Below are records; extract exactly the lines from the one with "A group of student" through the final line, including both, but drop the pictures.

##### Data under study

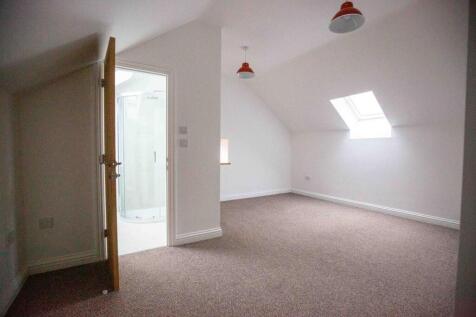 Bright double bedroom with neutral carpet and c...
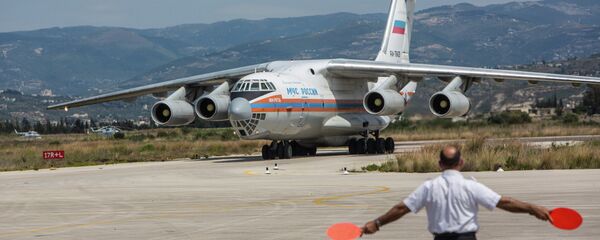 Avión ruso con ayuda humanitaria en Siria - Sputnik Mundo
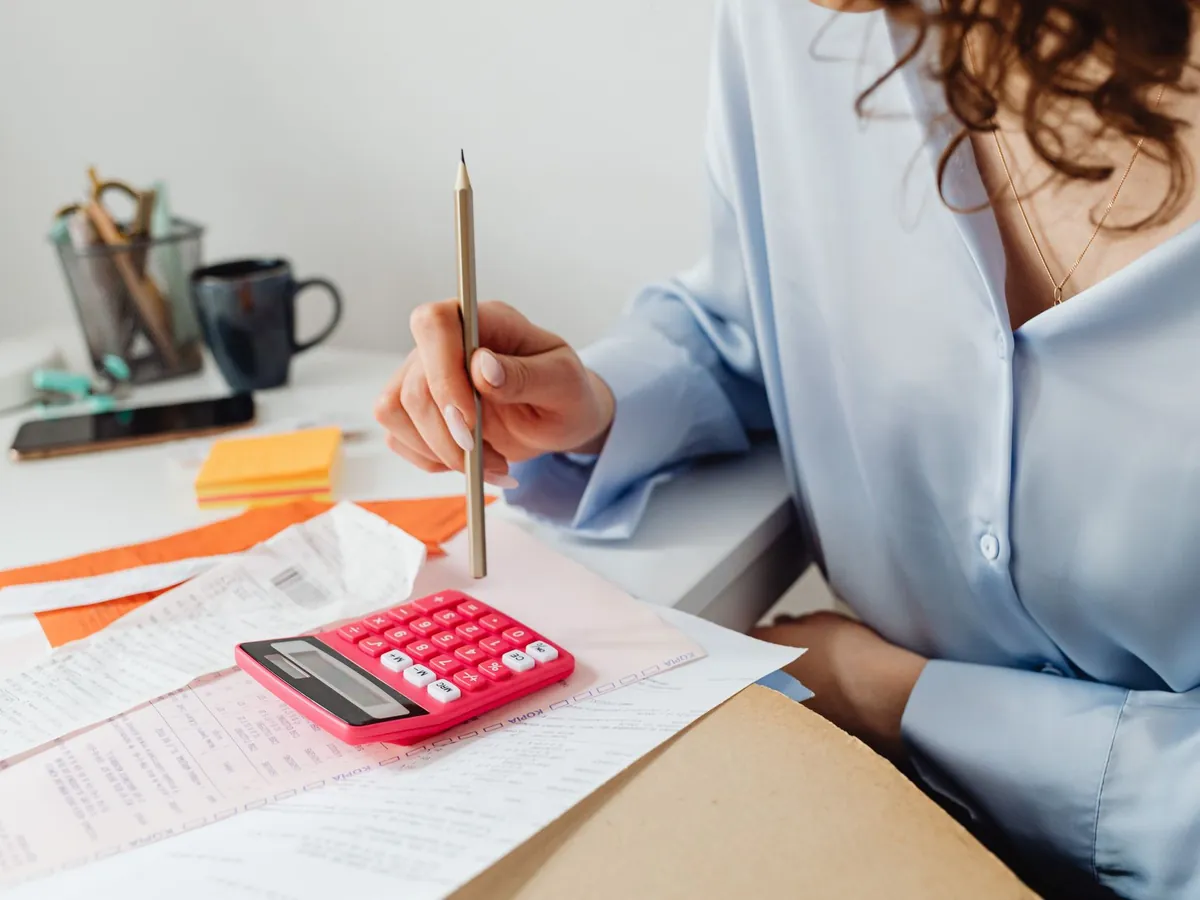 Femme calculant des dépenses à l'aide d'une calculatrice et de papiers sur son bureau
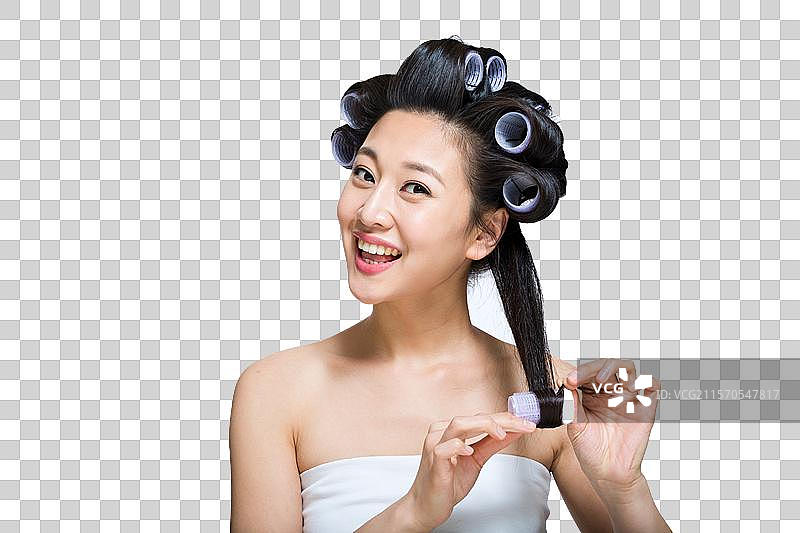棚拍戴卷发棒的年轻女人图片素材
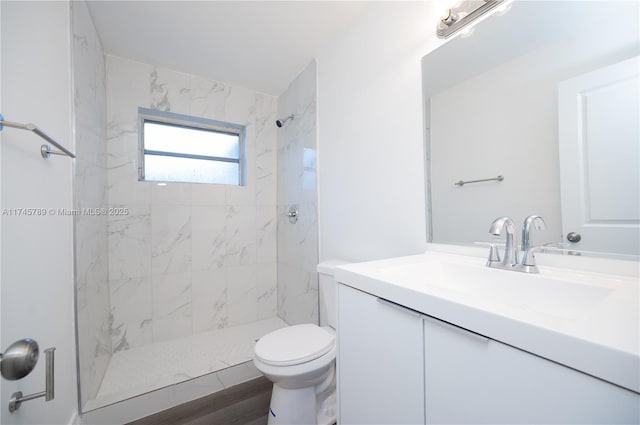 bathroom with toilet, a marble finish shower, and vanity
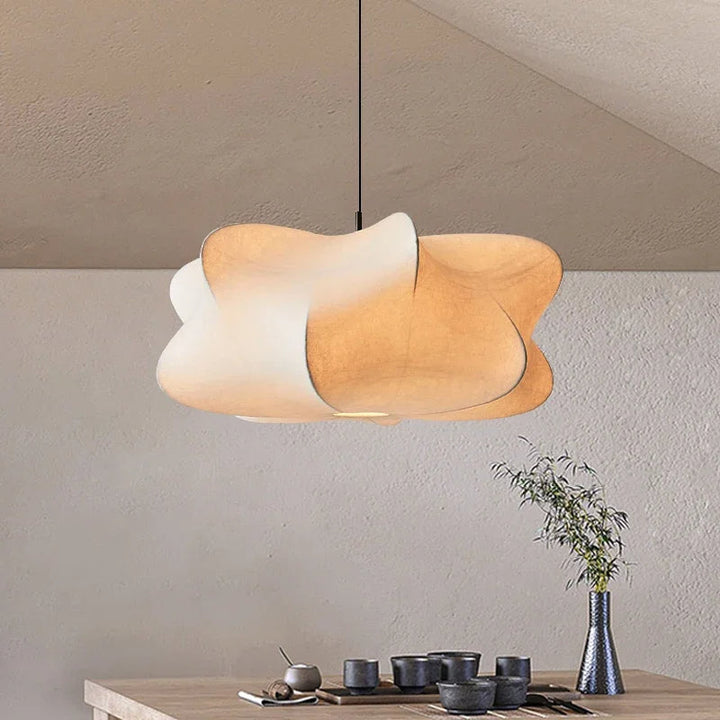 "Elegant pendant lamp with smooth silk finish, minimalist design, offering warm LED light options for modern interiors."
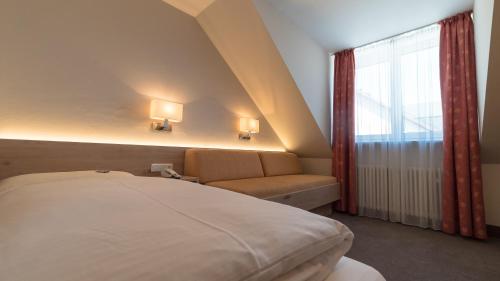 慕尼黑卢特尔酒店的一间卧室配有一张床、一张沙发和一个窗口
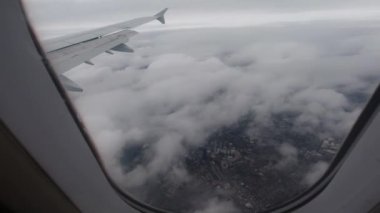 Açık bir günde Birleşik Krallık 'ın kırsalında uçmak. Kalın bulutların arasından uçak penceresinden bak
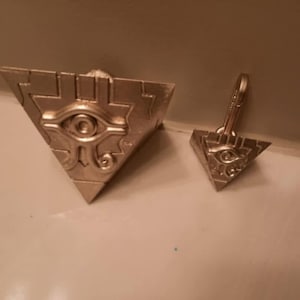 May include: Two silver-coloured triangular pendants. One is a ring, the other a pendant with a loop. Both feature an eye design within the triangle. Likely for a necklace or keyring.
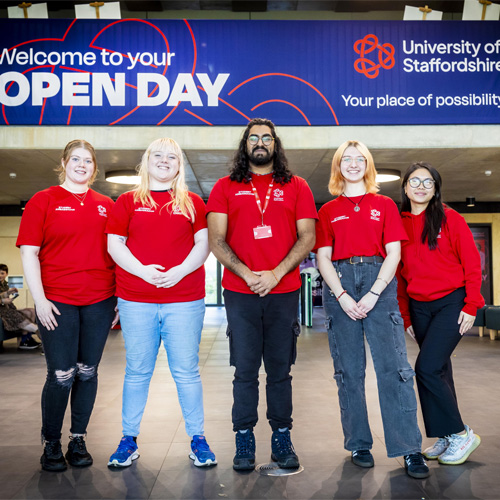 A group of student ambassadors wearing red tshirts are standing in the Catalyst together for a photo on Open Day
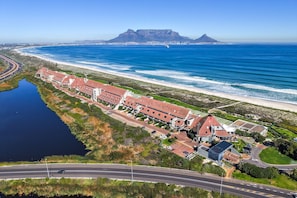 An aerial view of a coastal hotel with multiple buildings, a road, and a beach. - Dolphin Beach H301 (Cape Town)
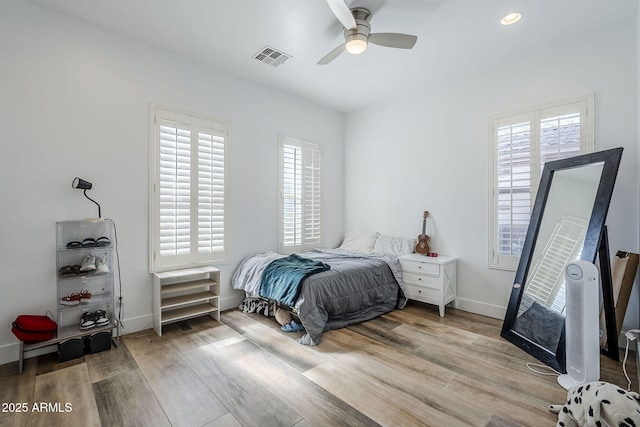 22709 S 202nd St, Queen Creek, AZ 85142 - bedroom with wood finished floors, baseboards, and ceiling fan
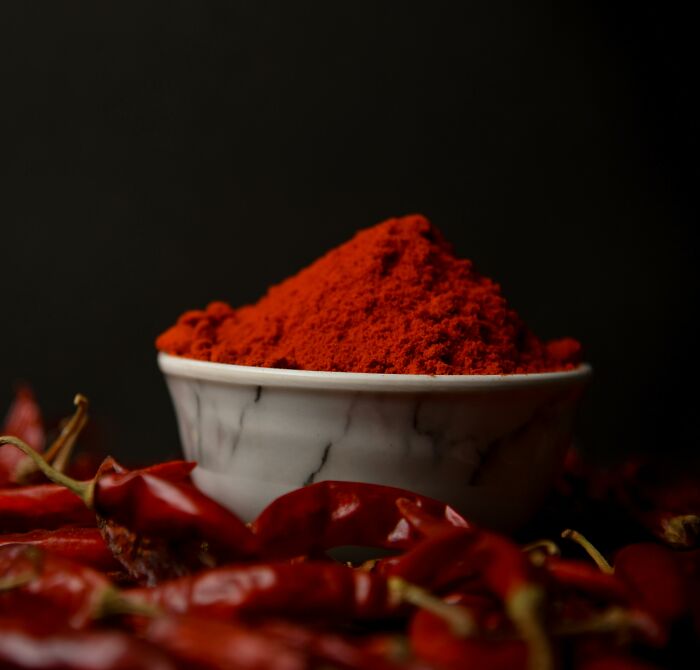 Bowl of red chili powder with dried red chilies around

##########

[Exercise response]
 A group of student ambassadors wearing red tshirts are standing in the Catalyst together for a photo on Open Day
 An aerial view of a coastal hotel with multiple buildings, a road, and a beach. - Dolphin Beach H301 (Cape Town)
 22709 S 202nd St, Queen Creek, AZ 85142 - bedroom with wood finished floors, baseboards, and ceiling fan
 Bowl of red chili powder with dried red chilies around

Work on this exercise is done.